Assignment 5 - 2011 - Solution
Due date(s): | 16 February 2011 |
(PDF) | Assignment questions |
(PDF) | Assignment solutions |
Assignment objectives
Assignment objective: explore and understand least squares models a bit more.
Brief solutions (i.e. using bullet points and short explanations) are provided for questions 1 and 2, but they are complete. You may answer questions in the midterm and final exam at this level.
Question 1 [2]
Use the bioreactor data, which shows the percentage yield from the reactor when running various experiments where temperature was varied, impeller speed and the presence/absence of baffles were adjusted.
Build a linear model that uses the reactor temperature to predict the yield. Interpret the slope and intercept term.

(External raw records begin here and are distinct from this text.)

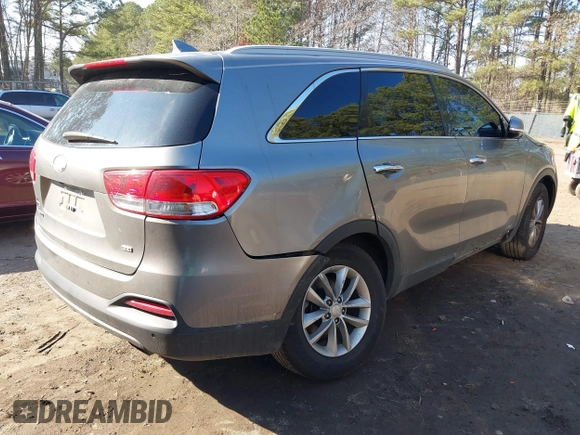 2018 Kia Sorento LX with VIN 5XYPGDA33JG424570, listed as a IAAI auction lot 41485156 with 110,893 mi miles. Bid and sale history available at carsss.com. Image 4.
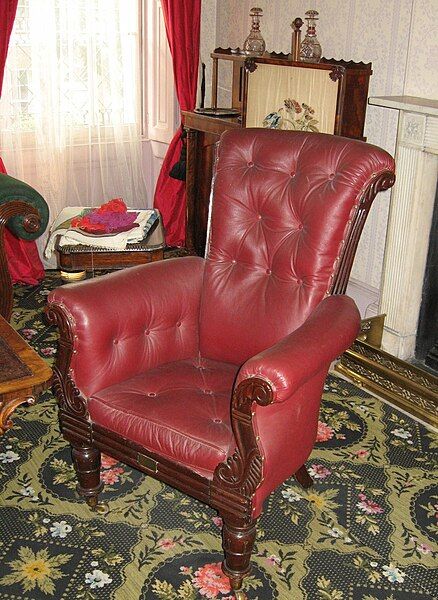 File:Dickens-chair.jpg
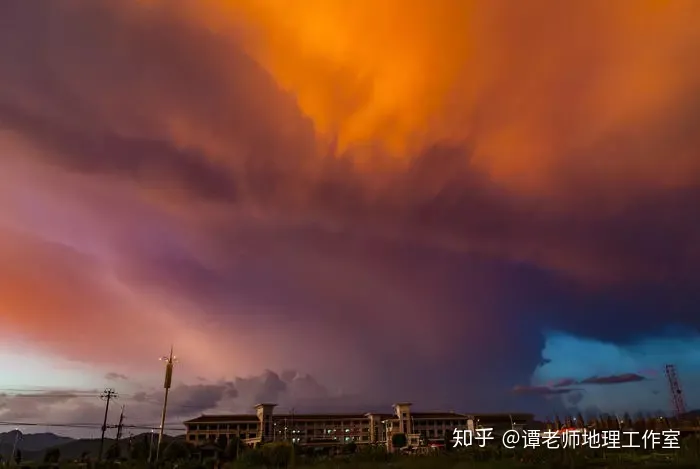 傍晚五六点的时候看见东方有一朵非常亮的云是怎么回事？（傍晚能看到金星吗）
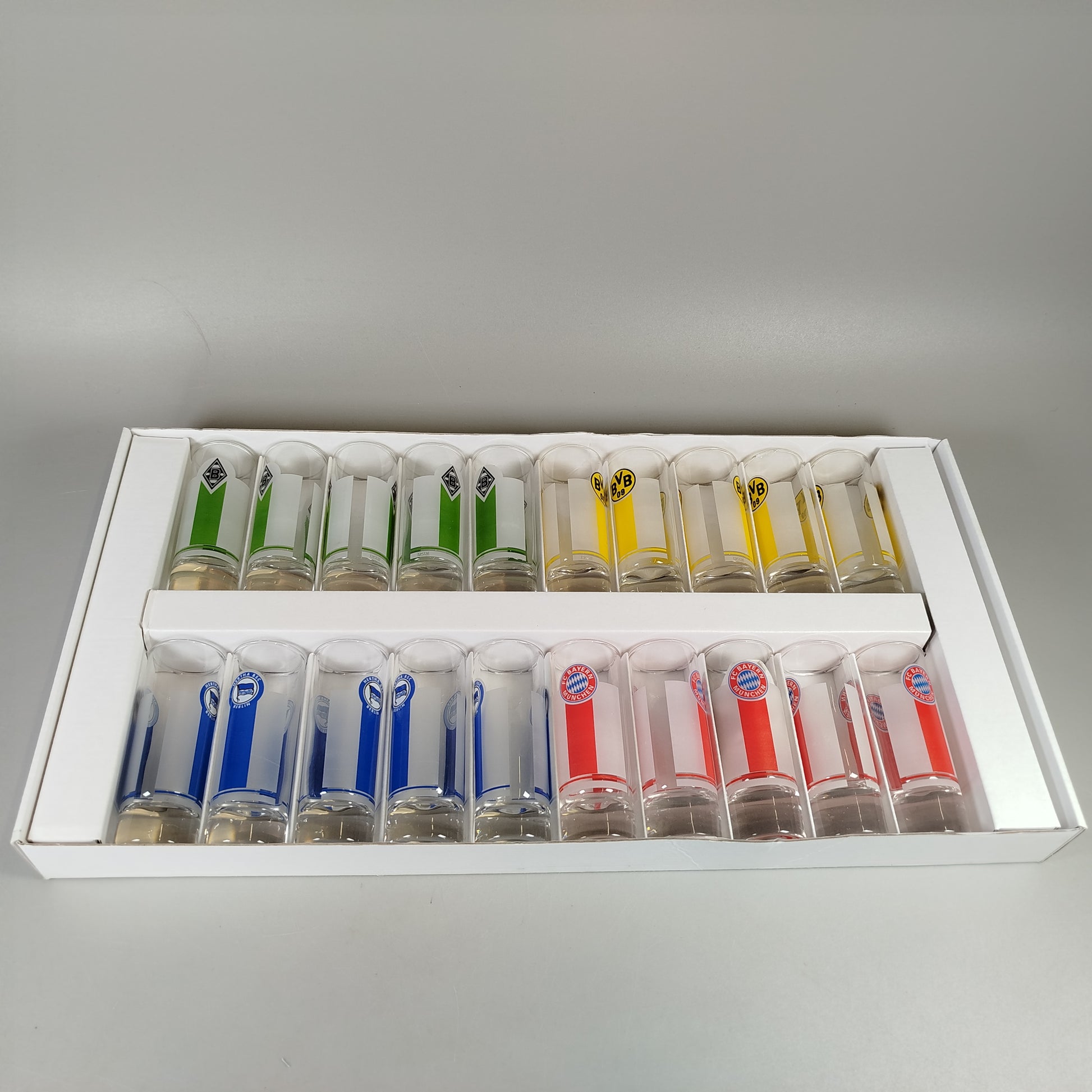 Rastal Drink 'n Play Brettspiel-Set, 16 Bundesliga Gläser, wie neu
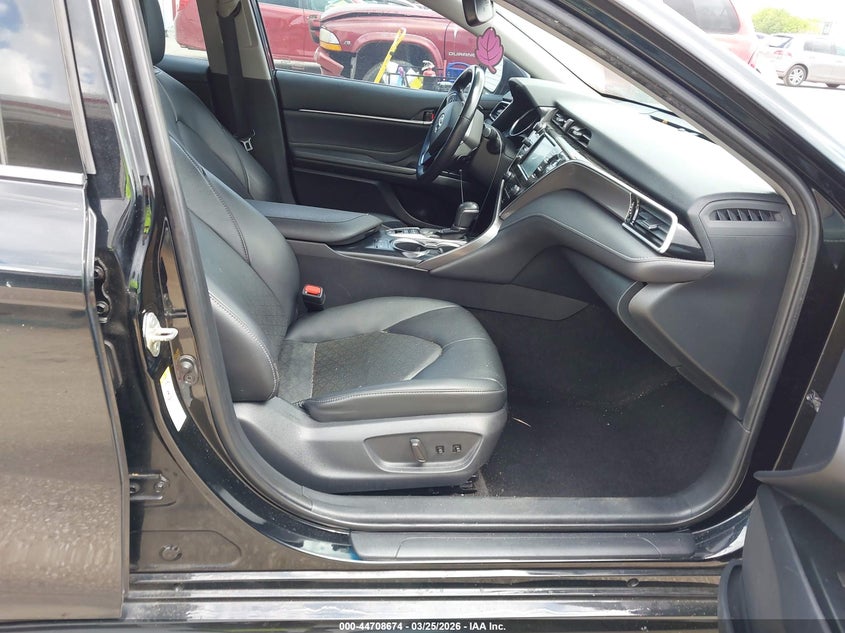 2018 Toyota Camry Xse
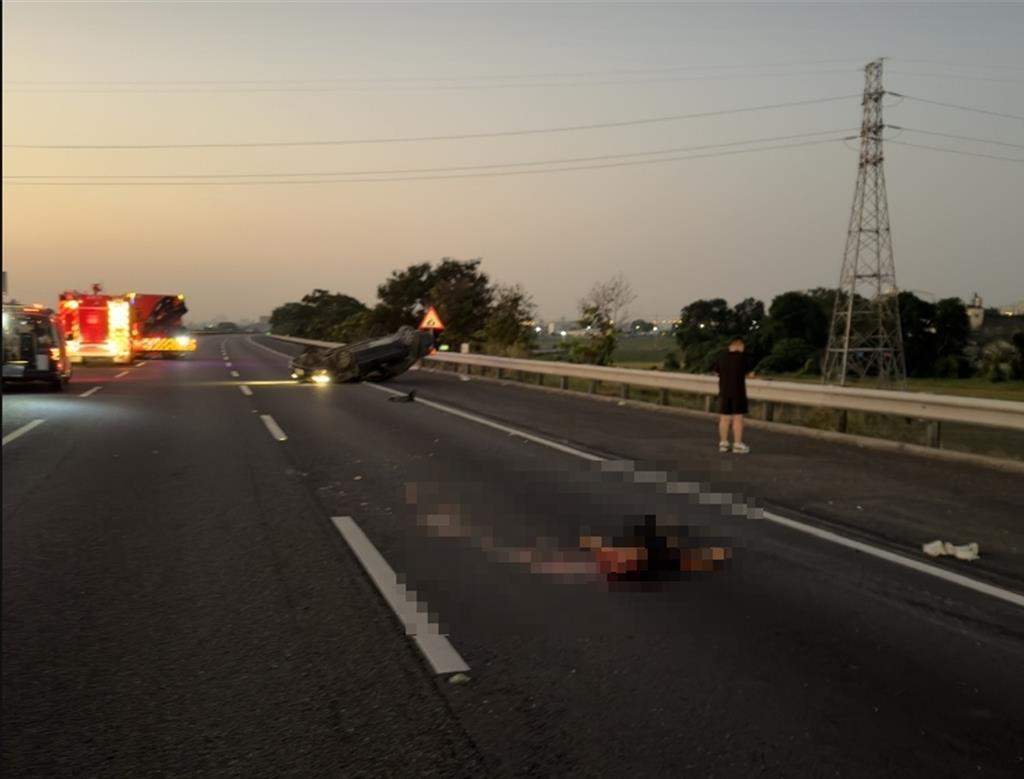 國一虎尾段自撞護欄遭2車追撞 1乘客被拋出釀1死5傷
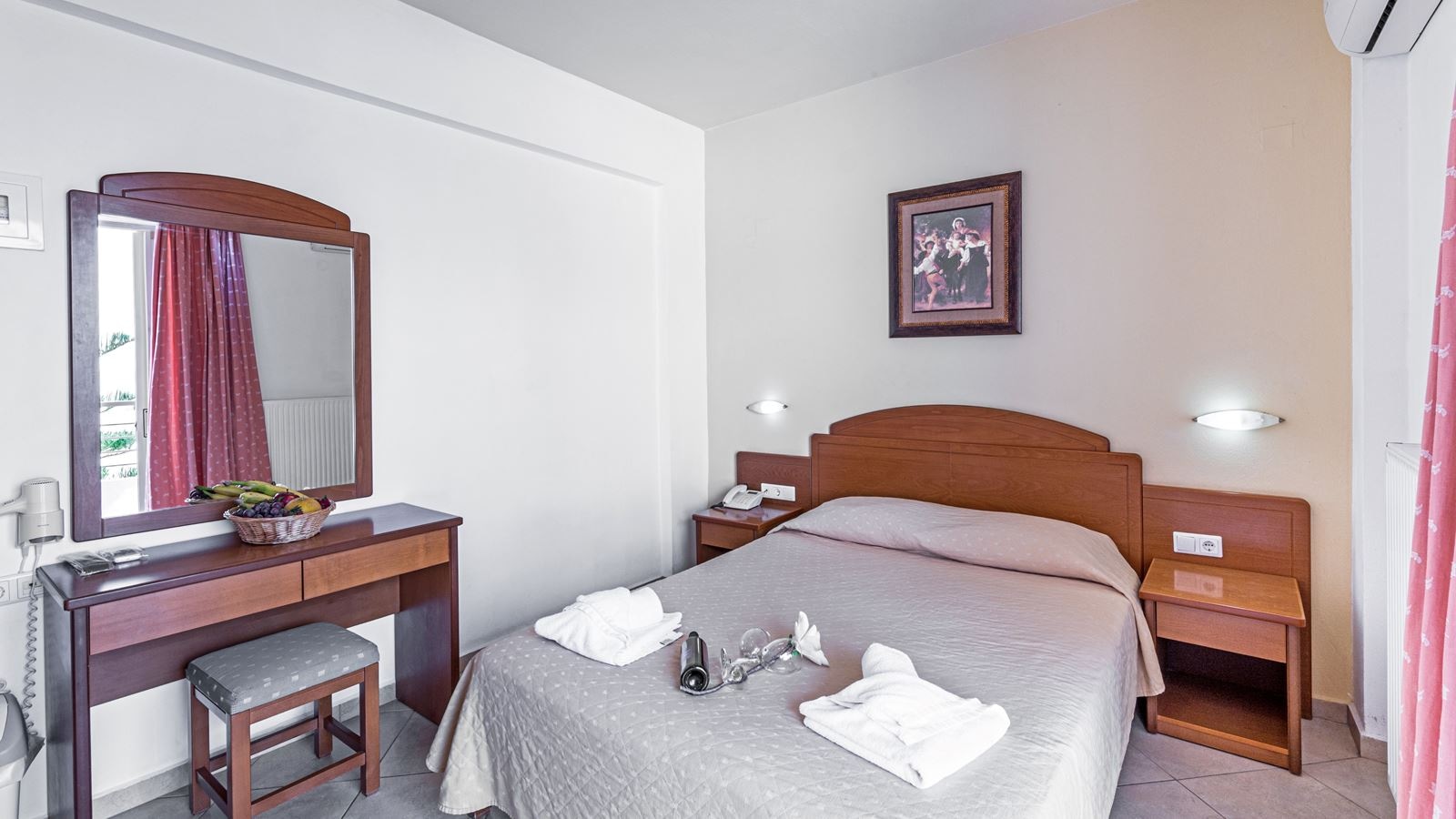 rooms-double-standard-room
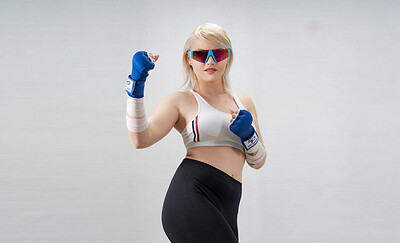 Zazie Skymm in Mortal Kombat Cassie Cage from VR Cosplay X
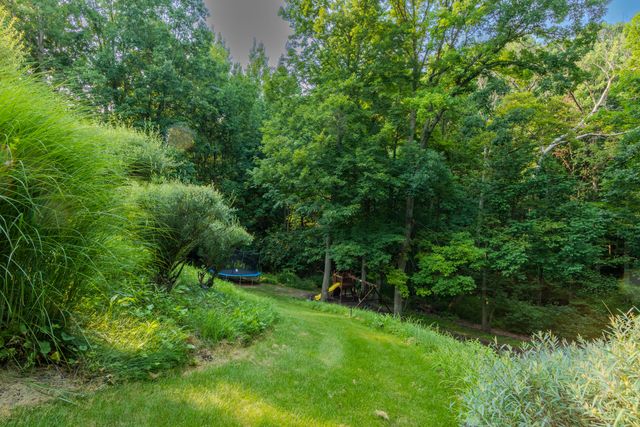 1670 Flowers Crossing Drive Ne, Grand Rapids Twp, MI 49525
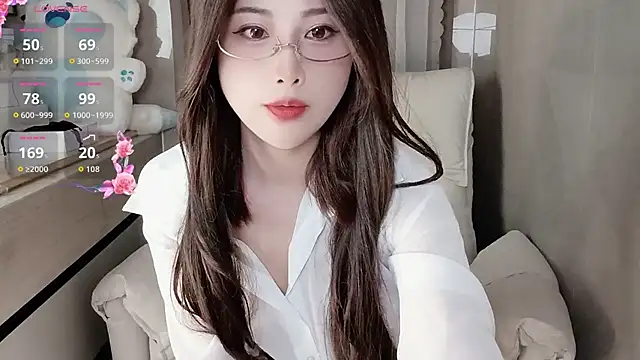 Blossom-666 online show from September 18, 2:52 pm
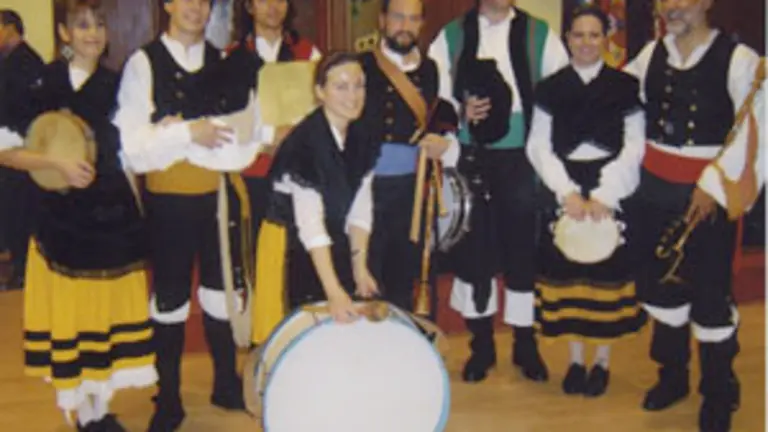  Miembros de la escuela de baile y gaitas &lsquo;Airi&ntilde;os da Terra&rsquo; que actuaron en la clausura del acto.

Build a linear model that uses the impeller speed to predict yield. Interpret the slope and intercept term.
Build a linear model that uses the presence (represent it as 1) or absence (represent it as 0) of baffles to predict yield. Interpret the slope and intercept term.
Note: if you use R it will automatically convert the
baffles
variable to 1's and 0's for you. If you wanted to make the conversion yourself, to verify what R does behind the scenes, try this:# Read in the data frame bio <- read.csv('http://openmv.net/file/bioreactor-yields.csv') # Force the baffles variables to 0's and 1's bio$baffles <- as.numeric(bio$baffles) - 1
Which variable(s) would you change to boost the batch yield, at the lowest cost of implementation?
Use the
plot(bio)
function in R, wherebio
is the data frame you loaded using theread.csv(...)
function. R notices thatbio
is not a single variable, but a group of variables, i.e. a data frame, so it plots what is called a scatterplot matrix instead. Describe how the scatterplot matrix agrees with your interpretation of the slopes in parts 1, 2 and 3 of this question.
Solution
The R code (below) was used to answer all questions.
- The model is: \(\hat{y} = 102.5 - 0.69T\), where \(T\) is tank temperature.
- Intercept = \(102.5\) % points is the yield when operating at 0 \(^\circ \text{C}\). Obviously not a useful interpretation, because data have not been collected in a range that spans, or is even close to 0 \(^\circ \text{C}\). It is likely that this bioreactor system won't yield any product under such cold conditions. Further, a yield greater than 100% is not realizable.
- Slope = -0.69 \(\frac{[\%]}{[^\circ \text{C}]}\), indicating the yield decreases, on average, by about 0.7 units for every degree increase in tank temperature.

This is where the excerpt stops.